Given data

*** Begin section ***

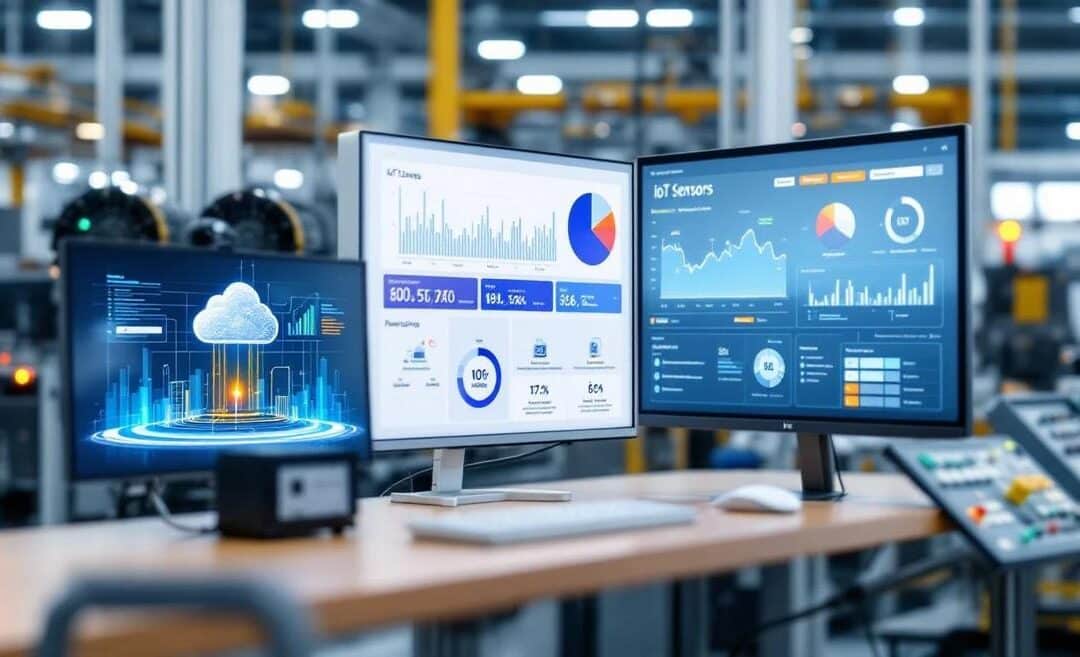 What Is Production Monitoring? Definition, Methods and Benefits Explained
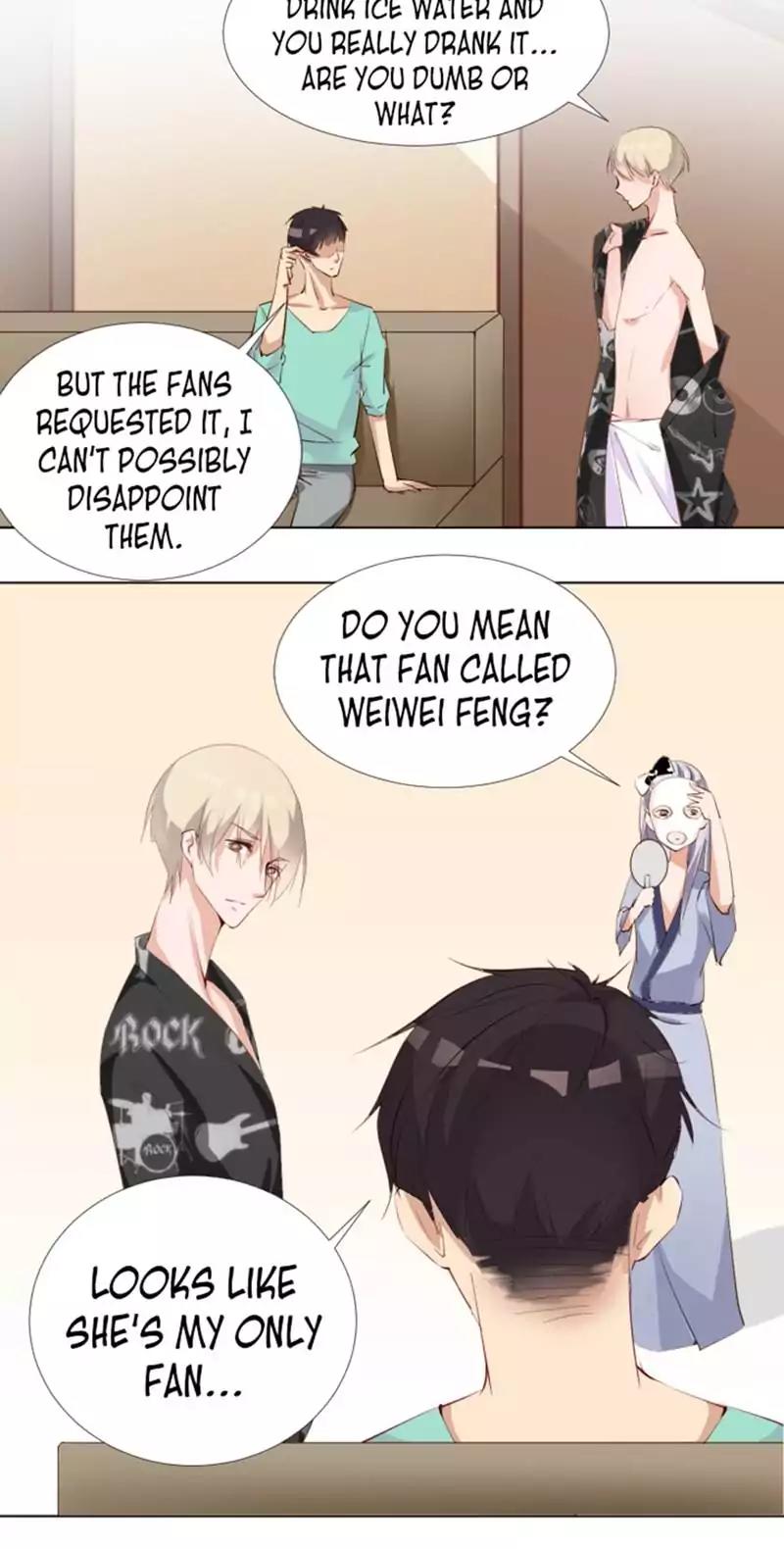 They are a Couple Chapter 20 page 18 - Chapter 20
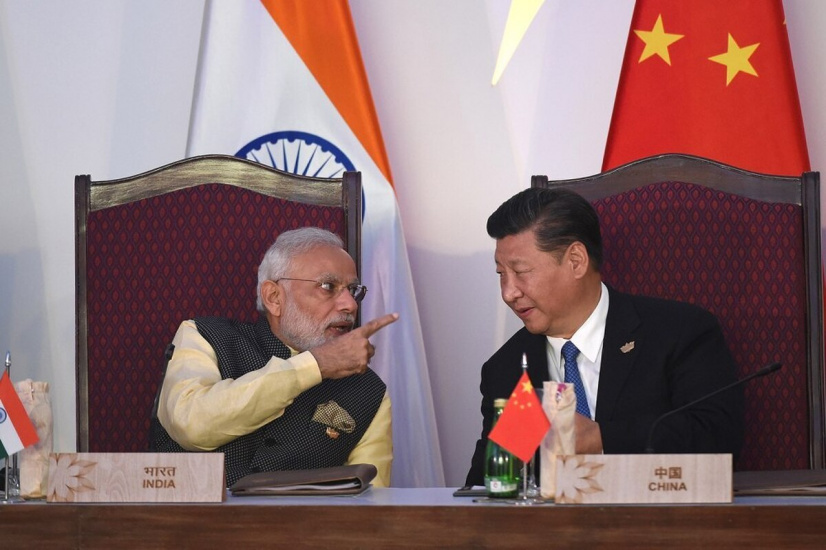 چین و هند به عرصه پا می گذارند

*** End section ***

Try it
Without the pictures, repeat the line with "They are a Couple" and every line after it to the end of the listing, and nothing else.

Task solution
 They are a Couple Chapter 20 page 18 - Chapter 20
 چین و هند به عرصه پا می گذارند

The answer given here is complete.